- Material supplied
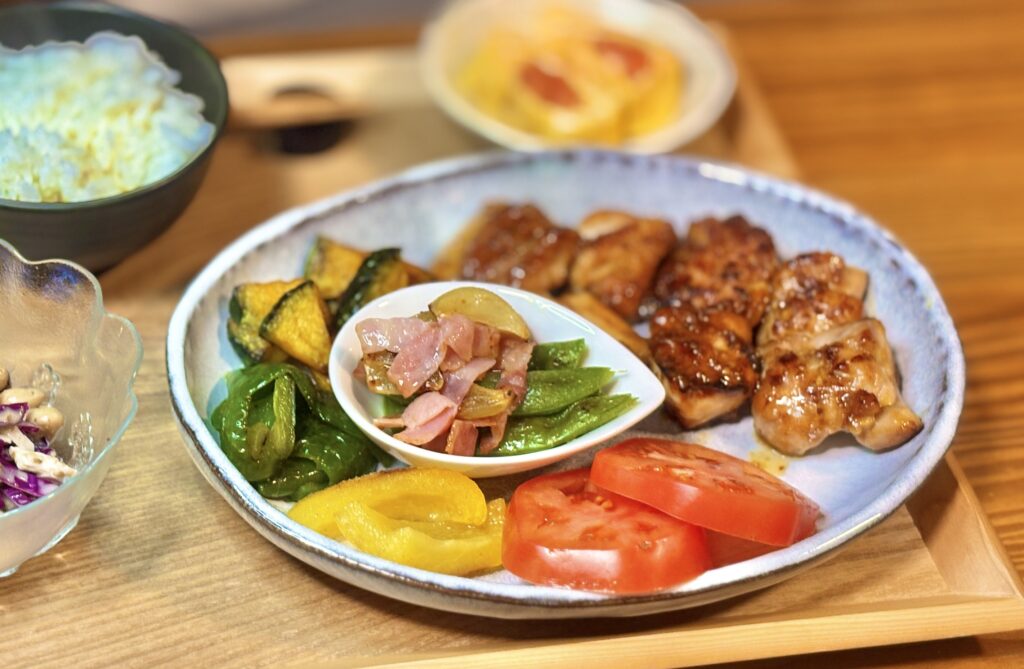 ハニーマスタードチキンと焼き野菜、スナックえんどうとベーコンのガーリック炒め、トマトを盛り付けた旦那キッチンの晩ごはんプレート。ご飯と明太子卵焼きが添えられた家庭料理の食卓。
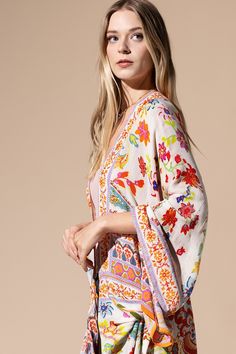 Get festival-ready with our vibrant lightweight duster kimono. Bursting with green, yellow, and purple hues in an intricate geometric print, this kimono is a bold statement piece for any music festival. Each detail meticulously arranged for maximum visual impact. Whether you're dancing in the crowd or chilling in the sun, this kimono exudes elegance and style, making it the perfect addition to your festival wardrobe. *100% Viscose*APPROX. L 52" W 37" Duster Kimono, Floral Duster, Yellow And Purple, Kimono Dress, Purple Hues, British Indian, Geometric Print, Green Yellow, Music Festival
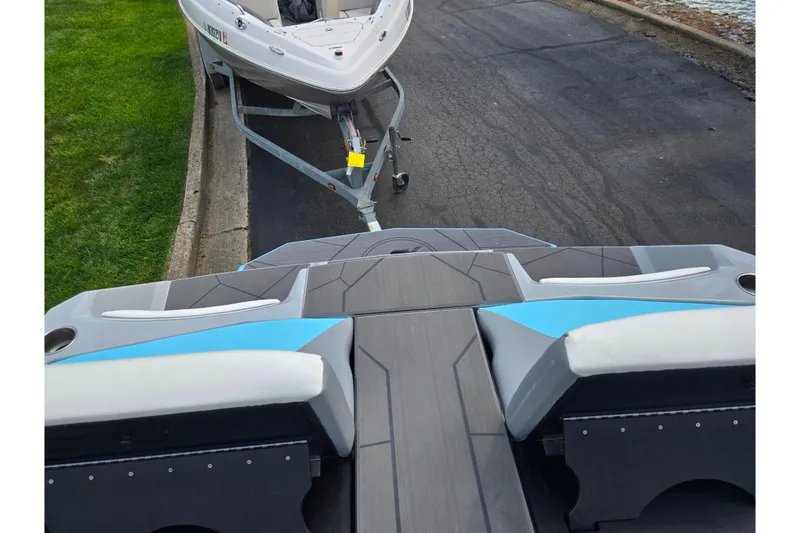 Slide: The Image of 2023 ATX Surf Boats 20 Type-S on trailer, rear view, parked on pavement. - 26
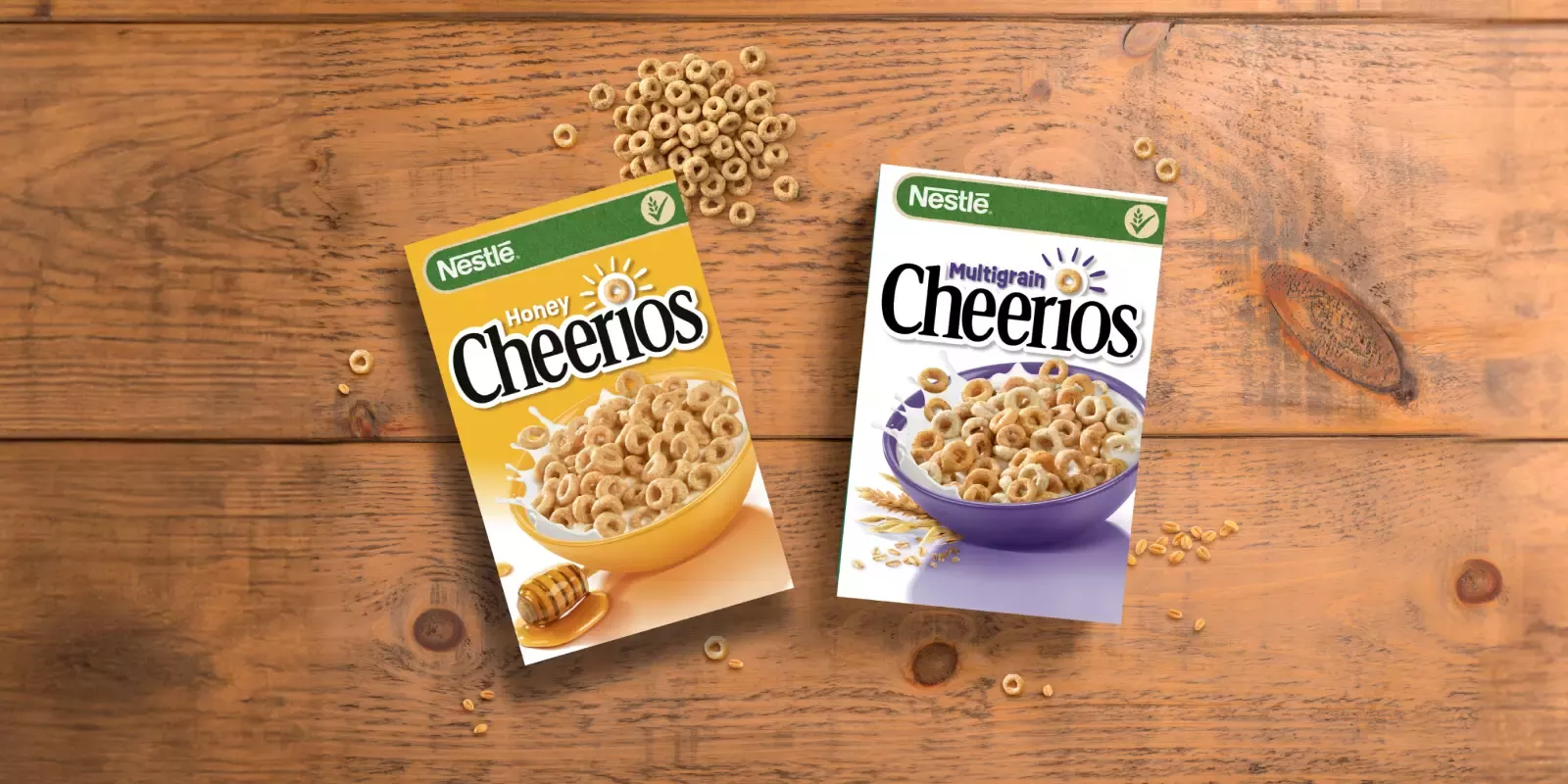 A landscape image of a golden box of Honey Cheerios and a white box of Multigrain Cheerios, on a dark wooden table.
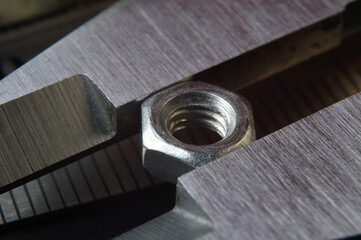 Accurate measuring tool caliper and metal ruler lie in place with nuts. close-up.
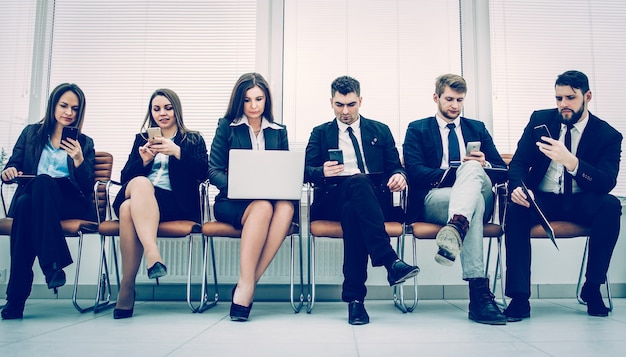 Team aziendale con laptop e smartphone seduto sul divano nella hall prima della sessione di lavoro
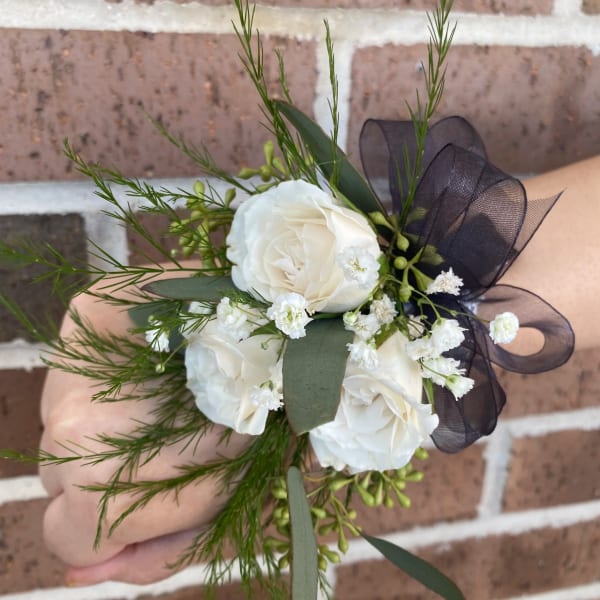 White rose wrist corsage with black ribbon and greenery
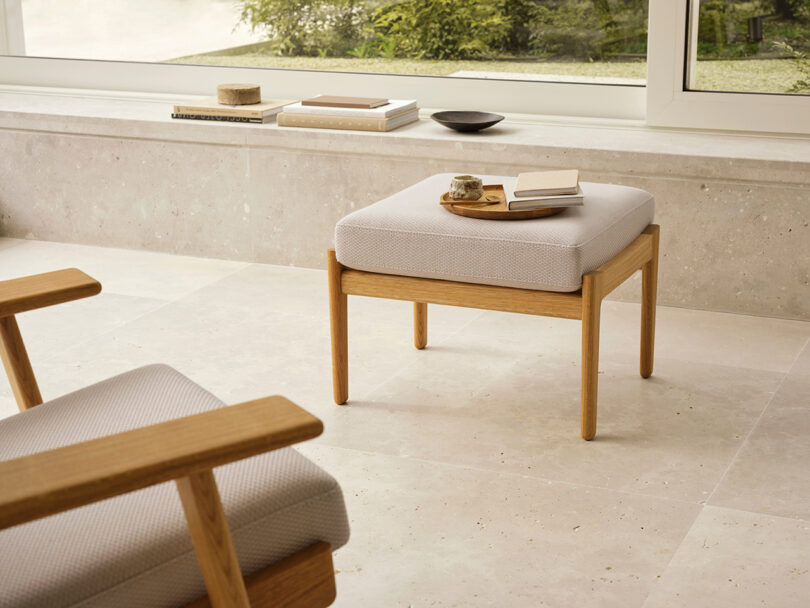 A cushioned wooden stool with a cup, saucer, and open notebook sits by a window, next to a matching armchair in a minimalist, light-filled room.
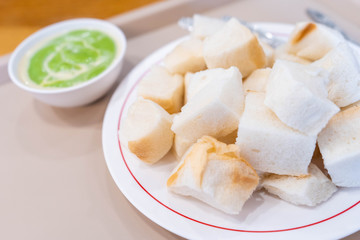 Steam bread with green custard dipping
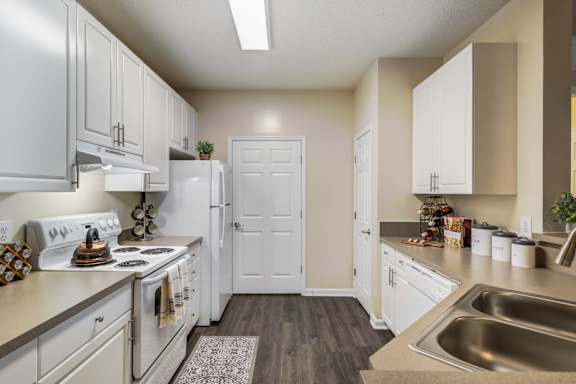 A kitchen with white cabinets and a white door.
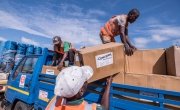 Workers unload kitchen kits from a truck at a distribution in Ndeja, Mozambique, which was hard hit by cyclone Idai in March 2019. Photo: Tommy Trenchard / Concern Worldwide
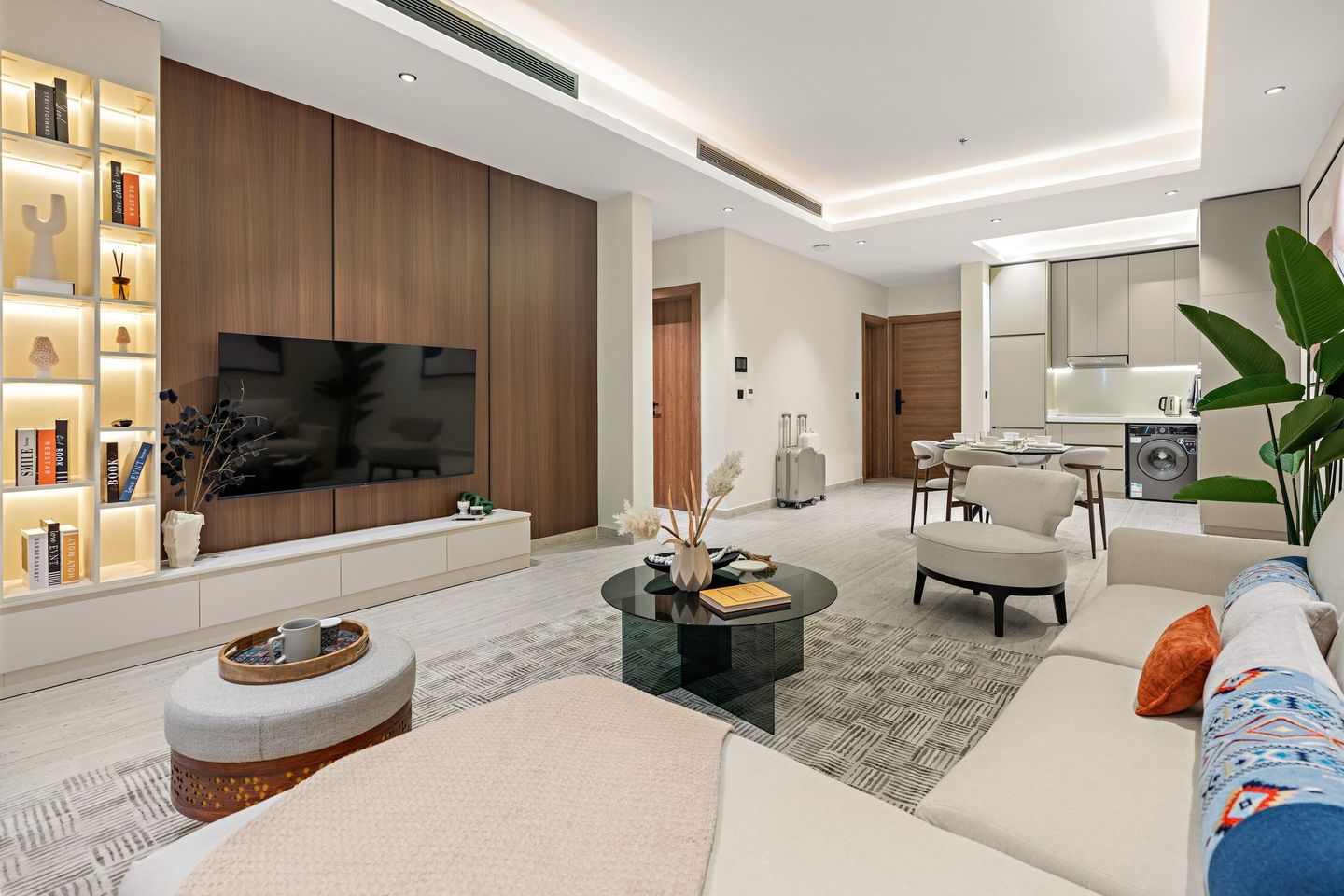 A living room with a couch , table , chairs and a flat screen tv.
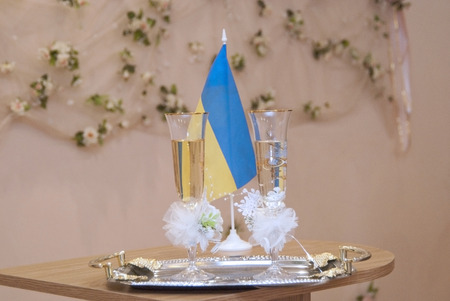 Two wedding glasses with champagne on table and flag of Ukraine.の写真素材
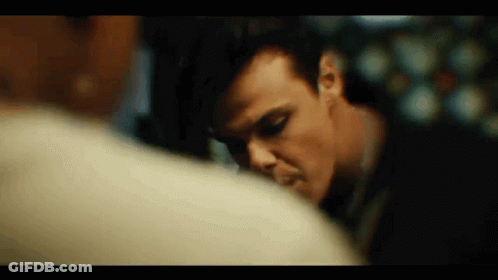 A Close Up Of A Man 'S Face Looking At Another Man 'S Face . GIF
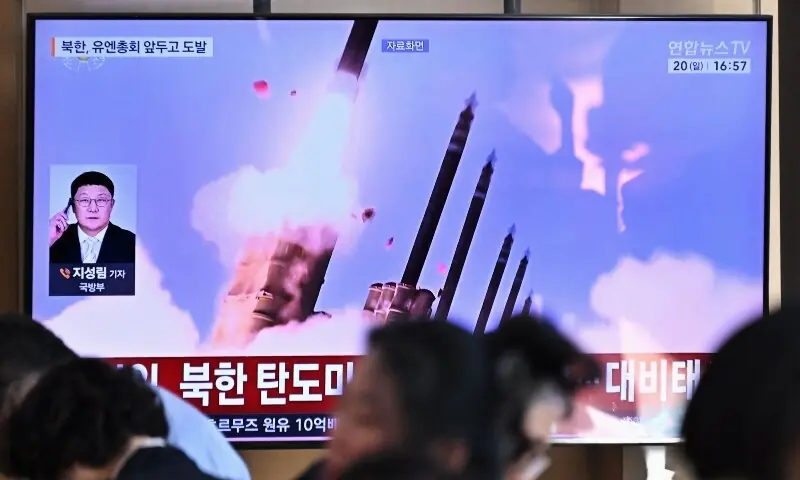 People sit near a television screen showing a news broadcast with file footage of a North Korean missile test, at a train station in Seoul on September 20, 2026. —AFP People sit near a television screen showing a news broadcast with file footage of a North Korean missile test, at a train station in Seoul on September 20, 2026. —AFP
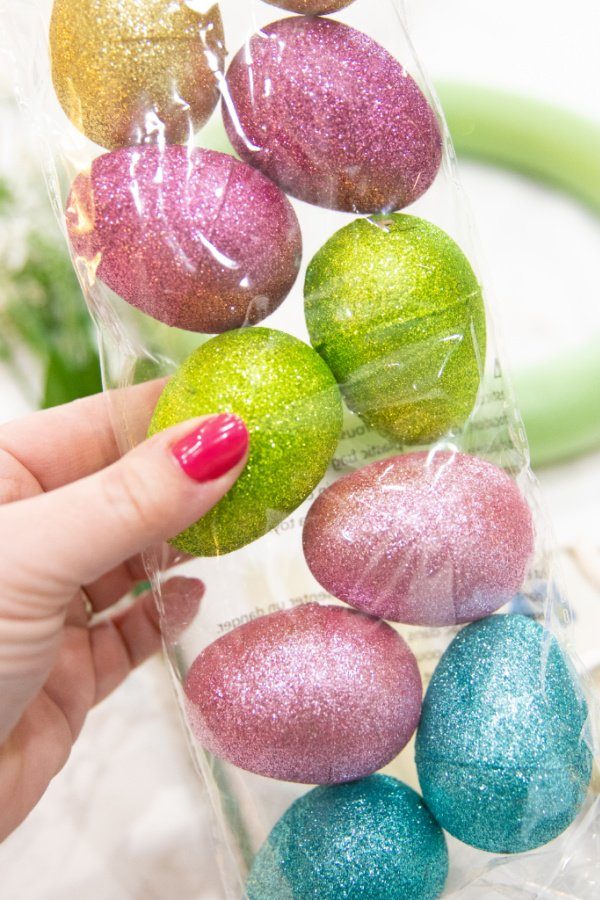 Dollar Tree Easter Egg Wreath is a simple and easy fun Easter Wreath you can make with all the supplies from the Dollar Tree. #passion4savings #easter #wreath #egg #plasticegg #dollartree #affordable #budget easter egg craft idea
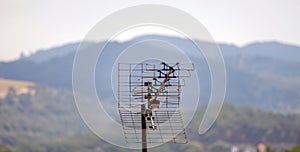 Outdoor aerial television antenna on the roof of a house in a rural town surrounded by mountains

- Your assignment
From the records above, write out exactly the lines that begin at the line with "A cushioned wooden" and end at the line with "A kitchen with". Pictures must not appear in the output.

- Response
 A cushioned wooden stool with a cup, saucer, and open notebook sits by a window, next to a matching armchair in a minimalist, light-filled room.
 Steam bread with green custard dipping
 A kitchen with white cabinets and a white door.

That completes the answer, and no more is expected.